Start of INPUT DATA

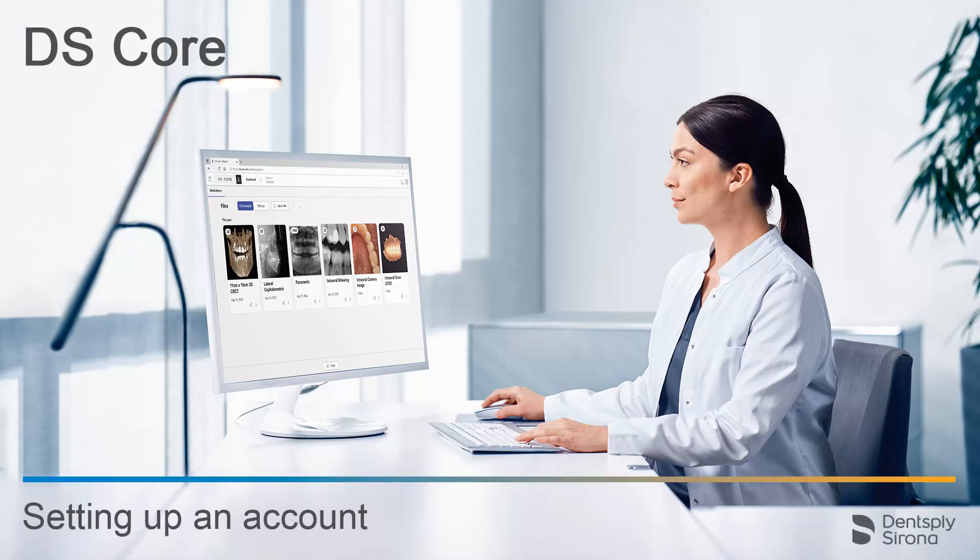Welcome to this video tutorial on the topic of DSCore. In this video, we will guide you through the process of setting up an account.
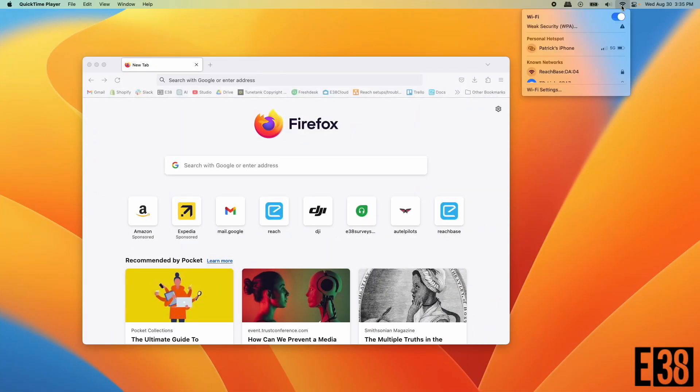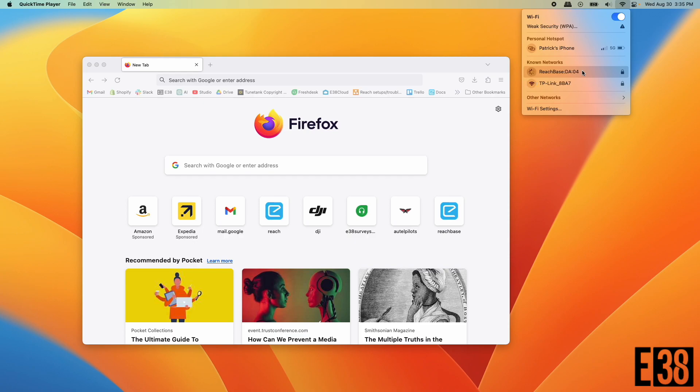Hi, it's Patrick with E38 and in this video I'm going to show you how to download logs from your RS2 to your computer.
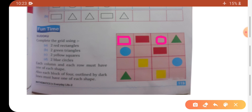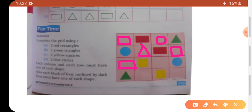Ab hum dekhinge is wali line ko — yaha pe rectangle pending hai. Yaha pe square bana hai, rectangle, circle, aur triangle bhi aya. Now second line ki baat karein — circle bana ke hai, so yaha triangle banainge, triangle ke baad square banainge. Aise ye complete hua, aur yaha circle pending tha woh bhi complete ho gaya.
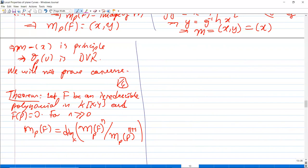A free module is almost a vector space, except that instead of a field you take a ring — that's the only difference. I will leave this lecture here.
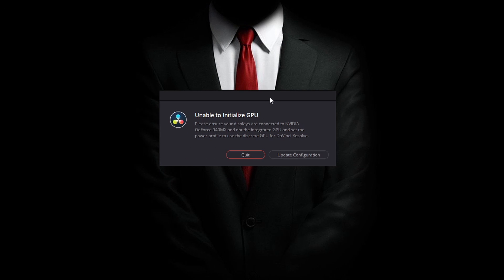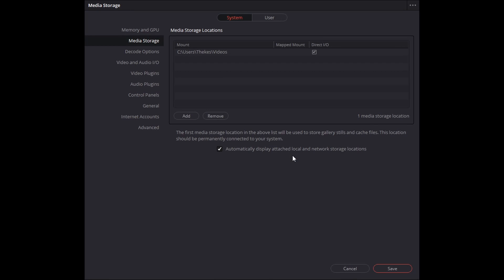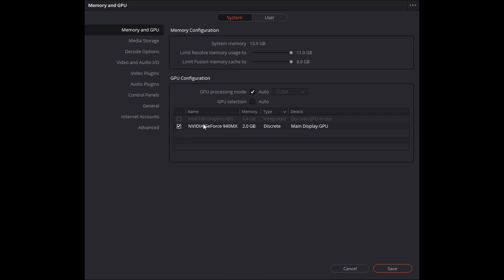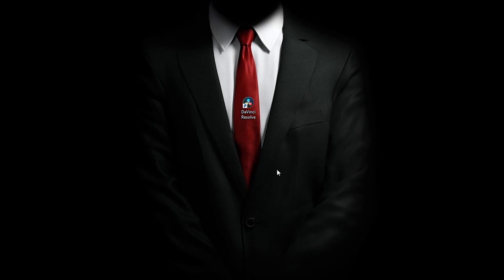If you have encountered this issue — unable to initialize GPU — this could be because of a new update. You can go into the update configuration and make sure that the memory and GPU section is selected to GPU processing, and that your actual graphics card is selected. For some reason, that didn't actually fix the issue though.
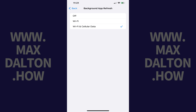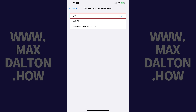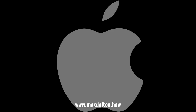Alternatively, if you ever get to a point where you want to turn off the Background App Refresh feature, you can easily return to this screen and tap to place a check mark next to Off.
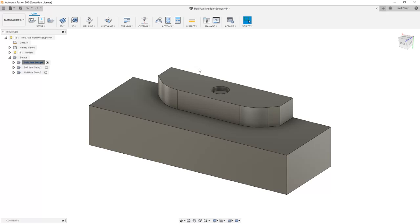So there are multiple options here that we can explore for WCS offset, and some of them are going to depend on the functionality of your machine.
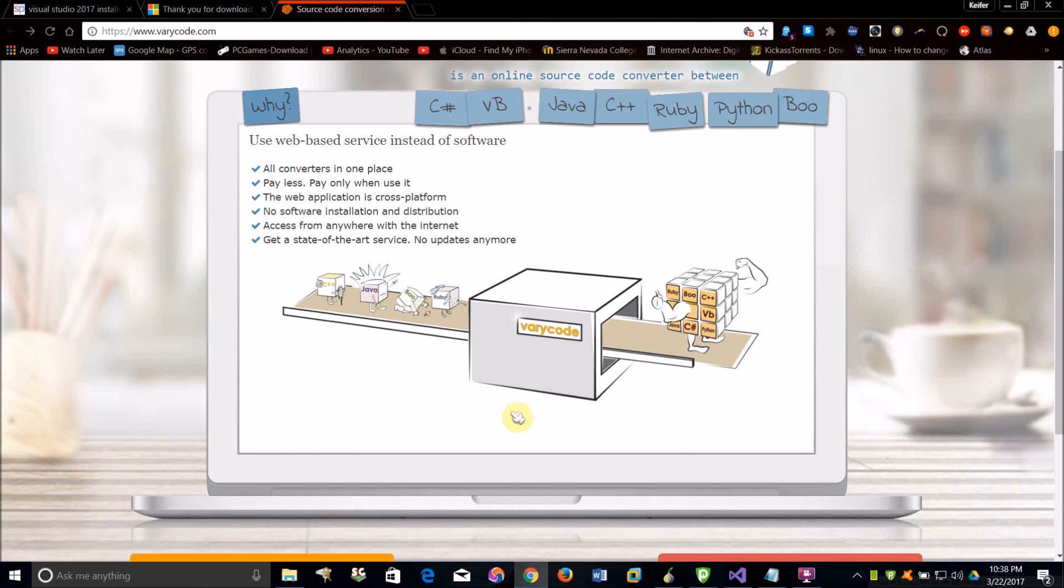Hello world, this is What'sUp2090, and in today's video I'm going to show you how you can pretty easily convert programming source code from one programming language to another. This is very easy to do and does not require any additional software. All you have to do is just go to a website that will do it for you.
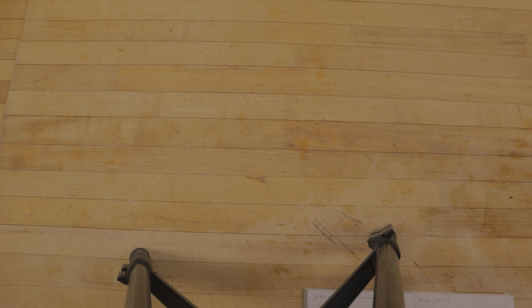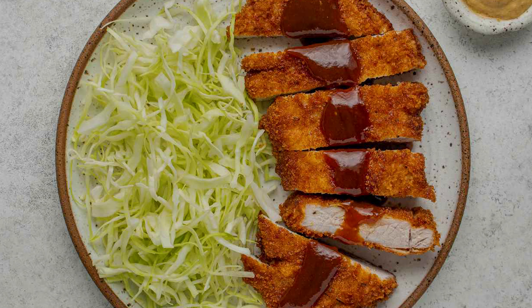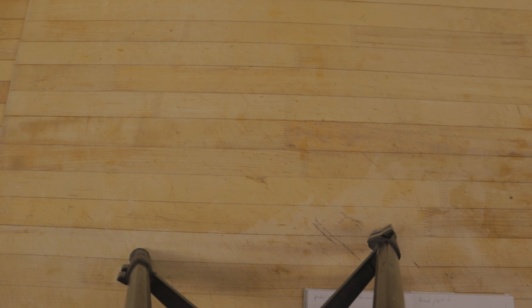There are only three main components when it comes to breadings. It can be more than that, but these components are the very basic ones. Using these, you can bread chicken, pork, fish — anything you want to bread.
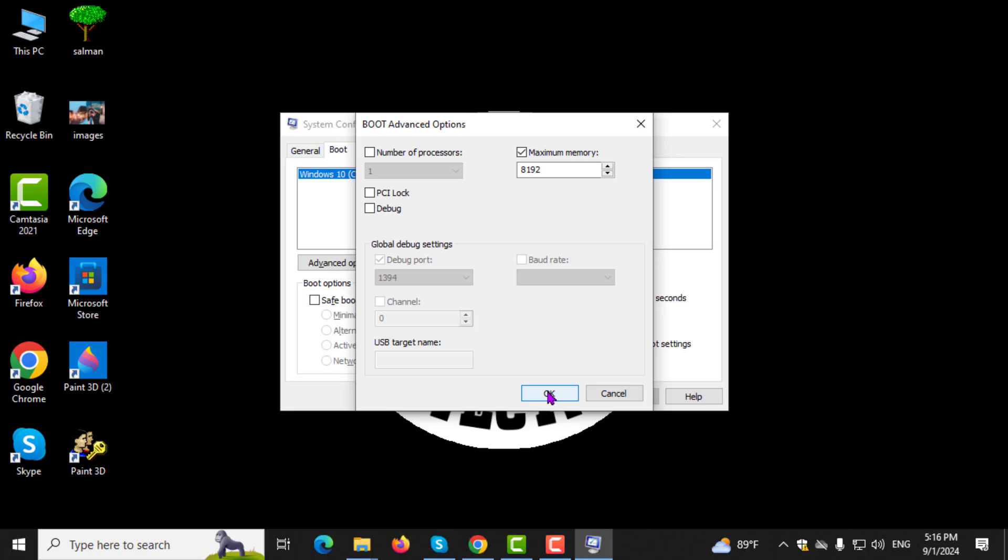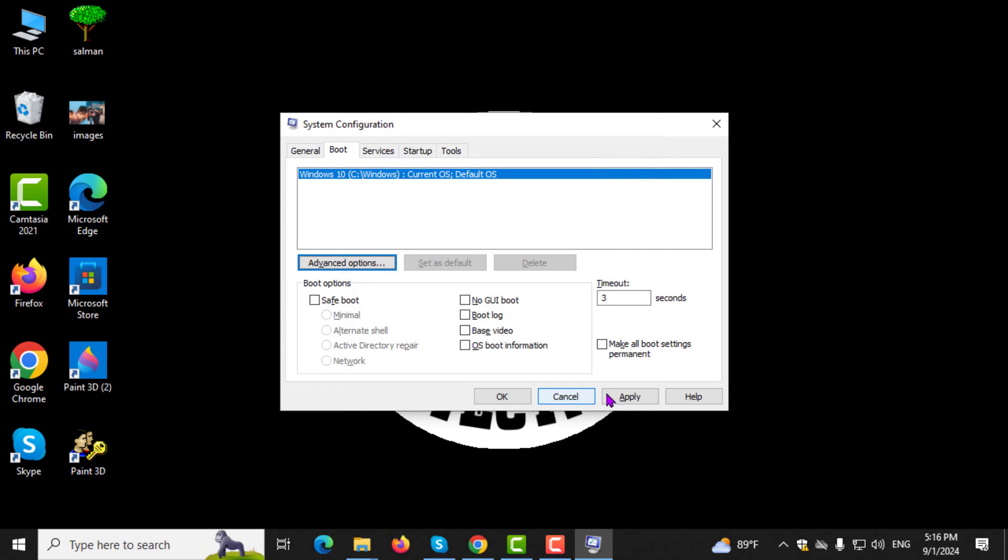Step 5. Finally, click OK. Then, apply and restart your computer to apply the changes.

End of INPUT DATA

WHAT TO WORK ON
Would you give again, exactly, the lines in the data above that run from the line containing "A free module" to the line containing "If you have"? Include both ends and no pictures.

ANSWER SPACE
A free module is almost a vector space, except that instead of a field you take a ring — that's the only difference. I will leave this lecture here.
If you have encountered this issue — unable to initialize GPU — this could be because of a new update. You can go into the update configuration and make sure that the memory and GPU section is selected to GPU processing, and that your actual graphics card is selected. For some reason, that didn't actually fix the issue though.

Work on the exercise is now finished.